▶ Data shown:

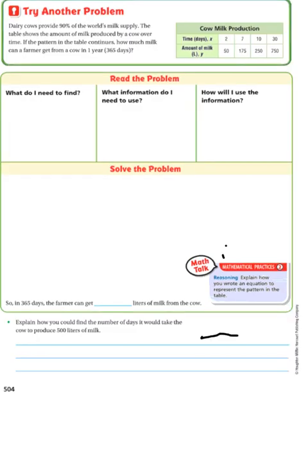Try another problem. Dairy cows provide 90% of the world's milk supply. The table shows the amount of milk produced by a cow over time. If the pattern in the table continues, how much milk can a farmer get from a cow in one year, which is 365 days? The table is labeled cow milk production. The time in days is X, and the amount of milk in liters is Y.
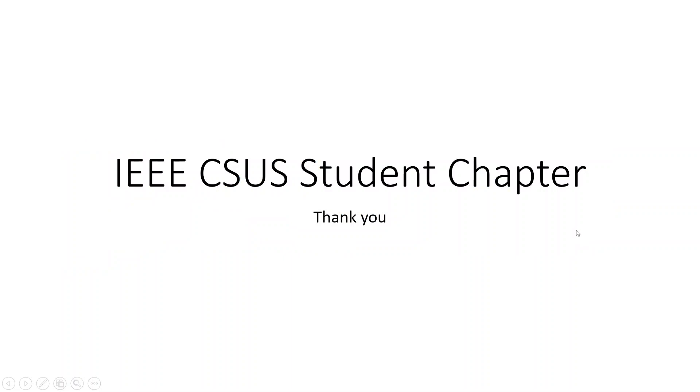So that's it for structural modeling. If you have any questions or would like some more information, please email us at CSUSIEEE at gmail.com. Thank you for watching and please check out for more videos.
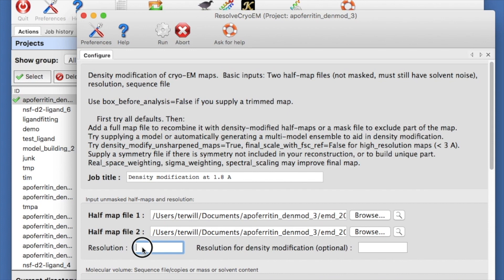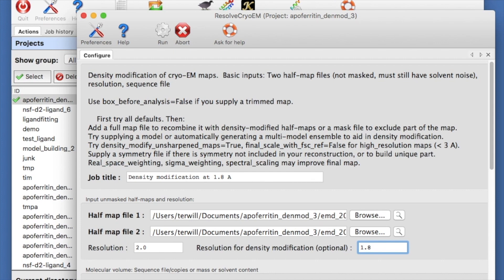The resolution of our map is about 2 angstroms. The best value of the resolution for density modification is usually a little smaller than the map resolution. We could leave it blank, but let's specify it as 1.8 angstroms.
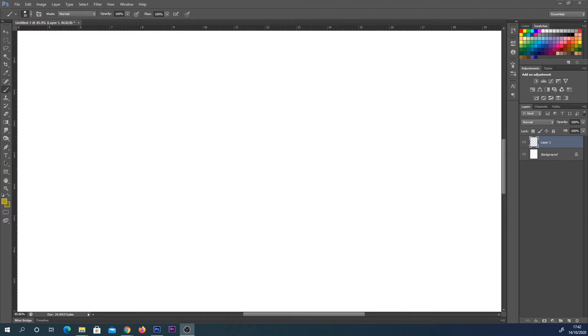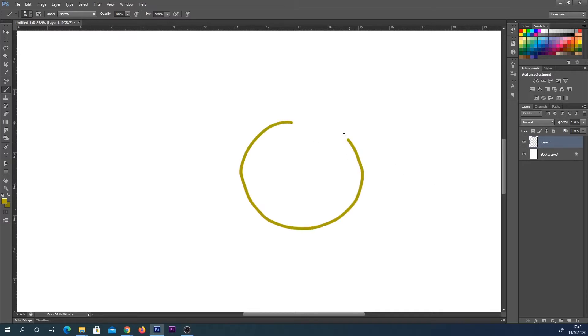Hey everyone, welcome back to a Photoshop basics tutorial. In this video, we're going to look at how to move something in Photoshop. The first thing you want to do is make sure you're working on a new layer.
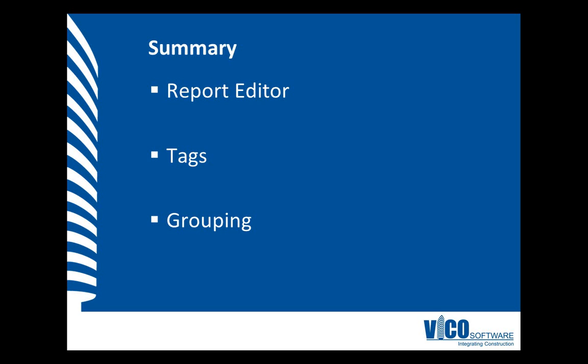In this video, I used the report editor to create a categorized cost report using the CSI master format tag values that were assigned to components in the previous video. To create the categories, I used the report editor's grouping functionality.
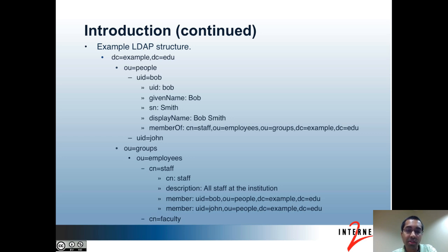The Member Of attribute is used to store the DN of groups that the entry is a member of. You can see that CN=staff,OU=employees,OU=groups,DC=Example,DC=EDU is an entry that exists below. For the group example, the RDN that we're using is CN. The staff group has a description attribute along with a member attribute. The member attribute reflects the DNs of objects that are members of the group, so you can see that Bob's entry is one of the values.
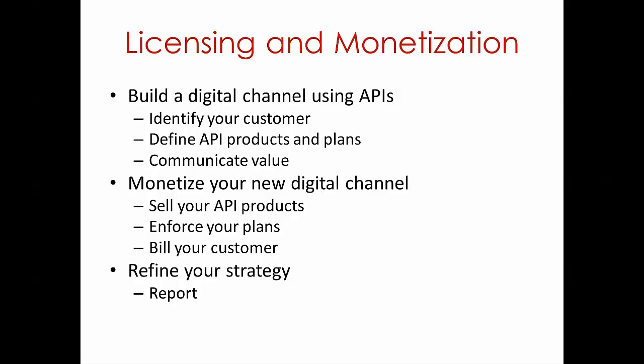The first is to actually build this channel, which implies that you need to identify your customer, you need to identify the API products and plans, and you need to be able to communicate their value. In other words, you need to figure out your go-to-market strategy.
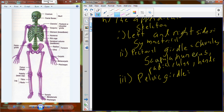The pelvic girdle is what attaches the lower limbs to the skeleton. There are actually three bones in the pelvis — the ilium, ischium, and pubis — but they're all fused together. An individual side of the pelvis is called the coxal bone. Each coxal bone articulates with the other at a joint called the pubic symphysis, and then onto the sacral bones of the vertebral column.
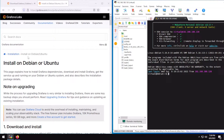Hey everyone, welcome. In the previous video we set up Blocky on our device, and in this video I'll show you how to set up a Grafana dashboard for your Blocky stats monitoring. As I mentioned, Blocky by default does not have any web interface for stats monitoring, so if you want to monitor your Blocky stats you'll need a Grafana dashboard.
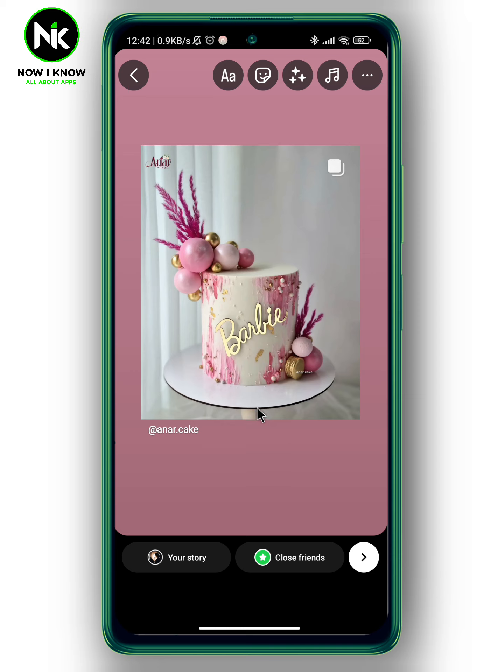I just want to remind you that if the 'Add to Story' icon is not there, it may be because the owner of this post doesn't allow everyone to share their post. Here's what you can do.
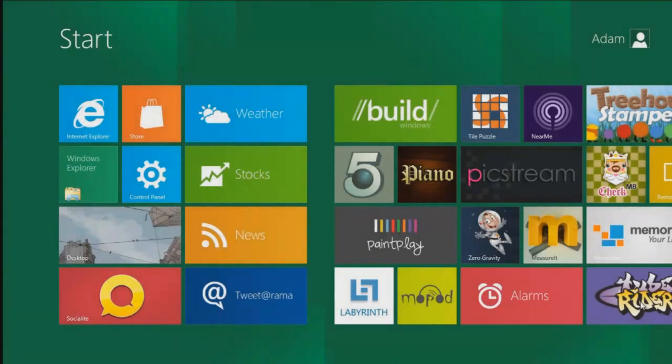Hi, this is Adam from Ads Productions and this is the overview of the Microsoft Developer Preview of Windows 8.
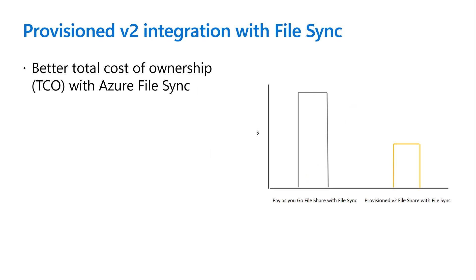For those who intended to have file sync service linked to HDD file share, provision version 2 is a great choice. Compared to the pay as you go model, you can eliminate the expense of daily sync transactions, which are usually a significant part of the monthly bill.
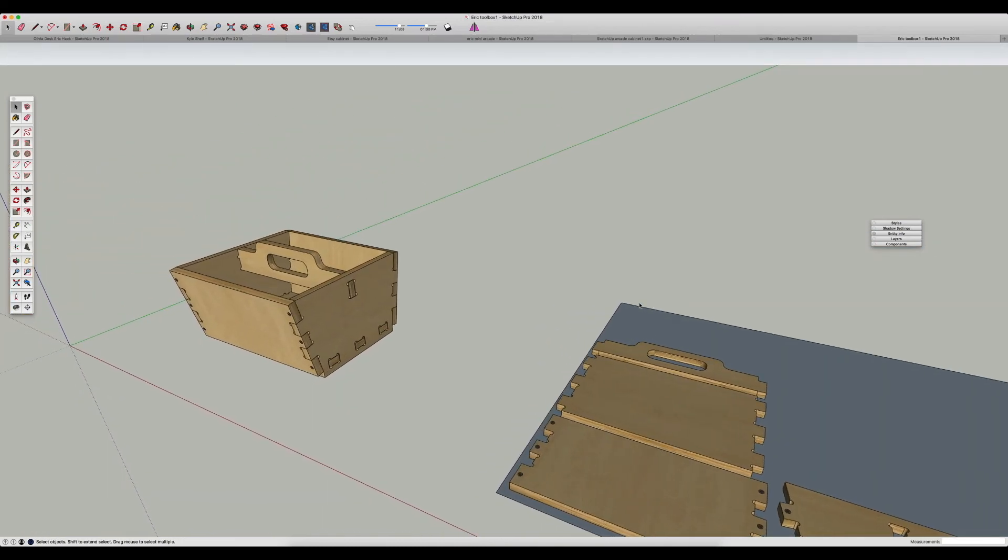Hello everyone. I thought I would give you guys a quick high-level tutorial on how to get your models out of SketchUp and into the Shaper Origin.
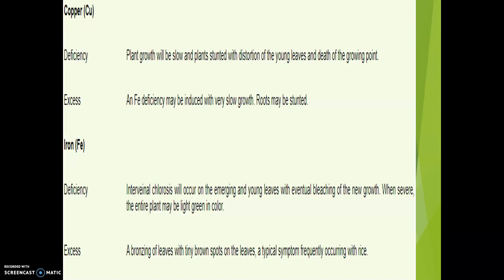These are the deficiency symptoms of copper. Coming to toxicity, if copper is in excess, copper toxicity will induce iron deficiency and may also cause very slow growth and stunted roots. This is about the mineral copper.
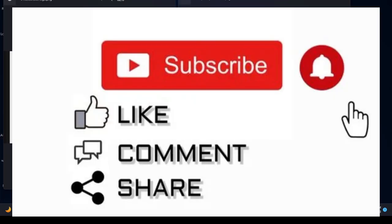If you enjoyed this video and would like to see other tech-related videos, please like and subscribe. Feel free to leave a comment and thank you for watching.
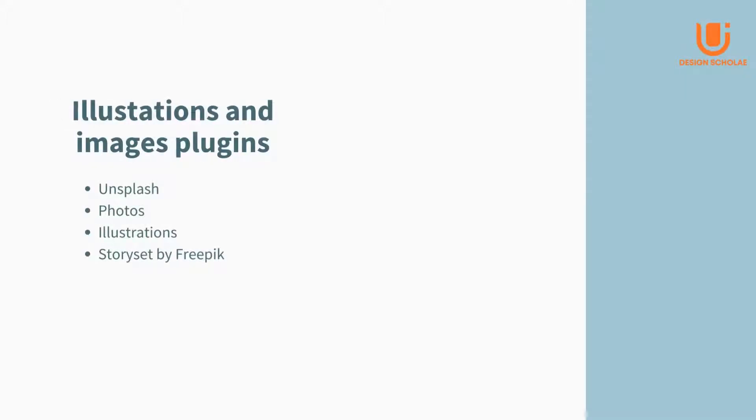Let us look at a few image and illustration plugins. Image plugins here are Unsplash and Photos, while illustration plugins are Illustrations and Story Set by Freepik.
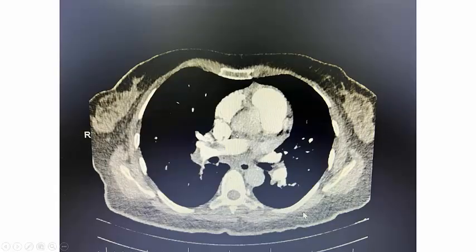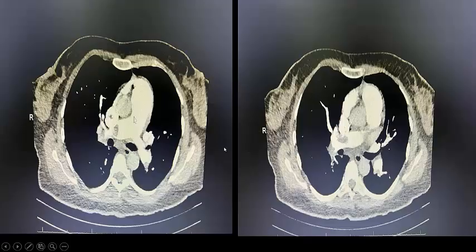CT pulmonary angiography confirmed the presence of pulmonary emboli at the level of the main branches of the pulmonary arteries. There is a filling defect in the right pulmonary artery branch, another filling defect in an additional branch, and filling defects in the left side as well.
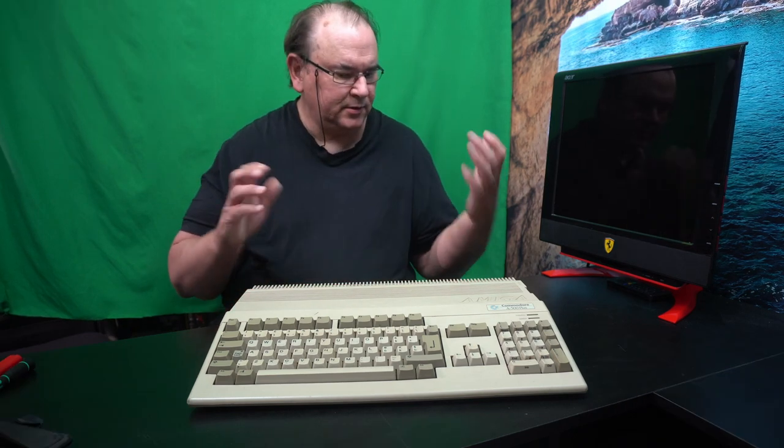Hi, TechRow here. Welcome to the Amiga 500 Plus breakdown party.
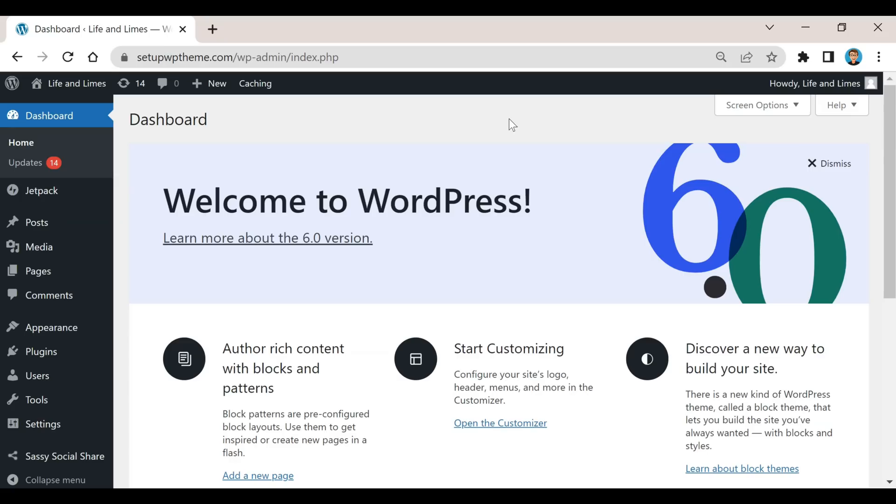Hey what's going on guys, welcome back to the create WP site channel. In today's video I'm going to be showing you how to change your password on WordPress. This is really simple and all we need to do is...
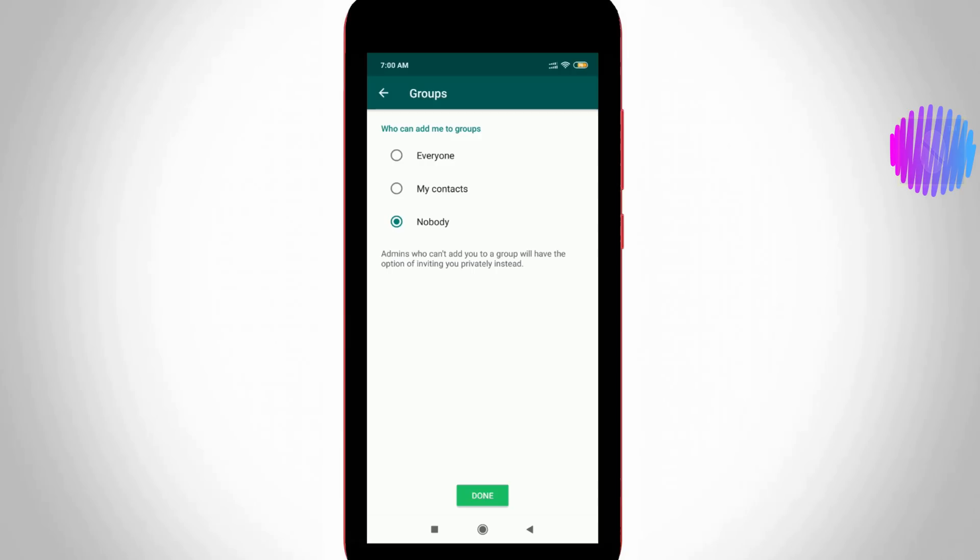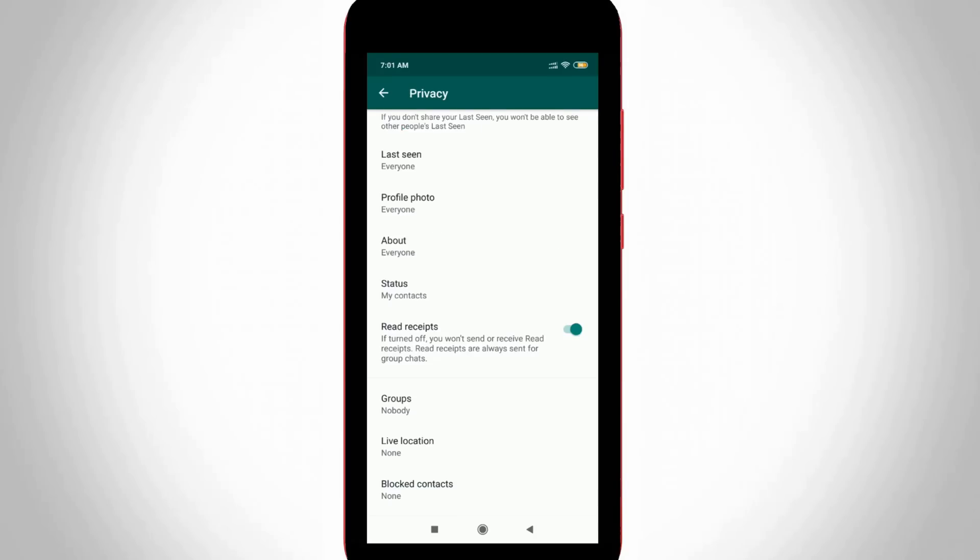By using this feature, users can control which groups they want to join and also prevent someone from adding your contact to unknown WhatsApp groups. By using these settings you can protect your privacy while adding to WhatsApp groups.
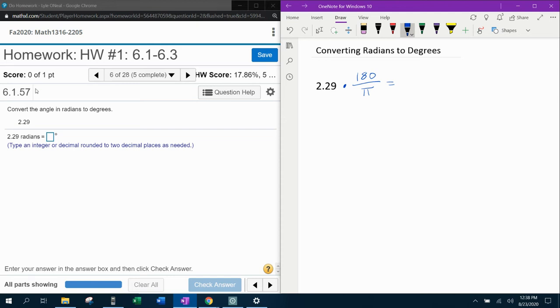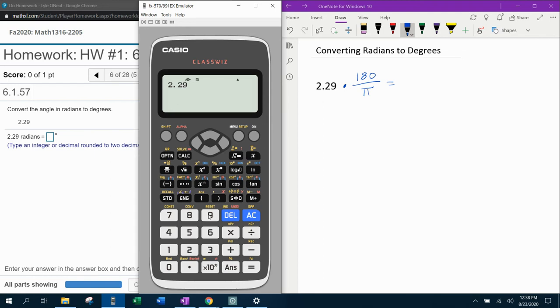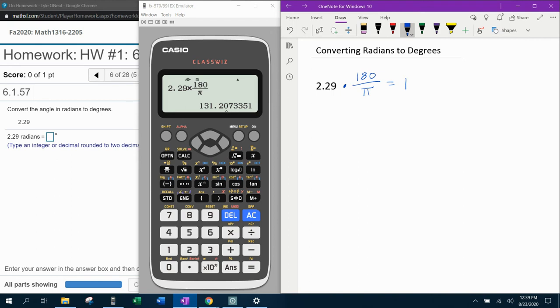Notice that they do want this rounded to two decimal places, and so that means we're going to bring up the handy-dandy calculator. We've got 2.29, and we want to multiply by 180 over pi. Equals, and rounded correctly to two decimal places, that's going to be 131.21.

▶ Exercise directions: Using the data above, set down each line from the line with "The first is" to the line with "For those who" exactly, both ends included, and leave the pictures behind. Nothing else belongs.

▶ Result of the exercise:
The first is to actually build this channel, which implies that you need to identify your customer, you need to identify the API products and plans, and you need to be able to communicate their value. In other words, you need to figure out your go-to-market strategy.
The pelvic girdle is what attaches the lower limbs to the skeleton. There are actually three bones in the pelvis — the ilium, ischium, and pubis — but they're all fused together. An individual side of the pelvis is called the coxal bone. Each coxal bone articulates with the other at a joint called the pubic symphysis, and then onto the sacral bones of the vertebral column.
Hey everyone, welcome. In the previous video we set up Blocky on our device, and in this video I'll show you how to set up a Grafana dashboard for your Blocky stats monitoring. As I mentioned, Blocky by default does not have any web interface for stats monitoring, so if you want to monitor your Blocky stats you'll need a Grafana dashboard.
I just want to remind you that if the 'Add to Story' icon is not there, it may be because the owner of this post doesn't allow everyone to share their post. Here's what you can do.
Hi, this is Adam from Ads Productions and this is the overview of the Microsoft Developer Preview of Windows 8.
For those who intended to have file sync service linked to HDD file share, provision version 2 is a great choice. Compared to the pay as you go model, you can eliminate the expense of daily sync transactions, which are usually a significant part of the monthly bill.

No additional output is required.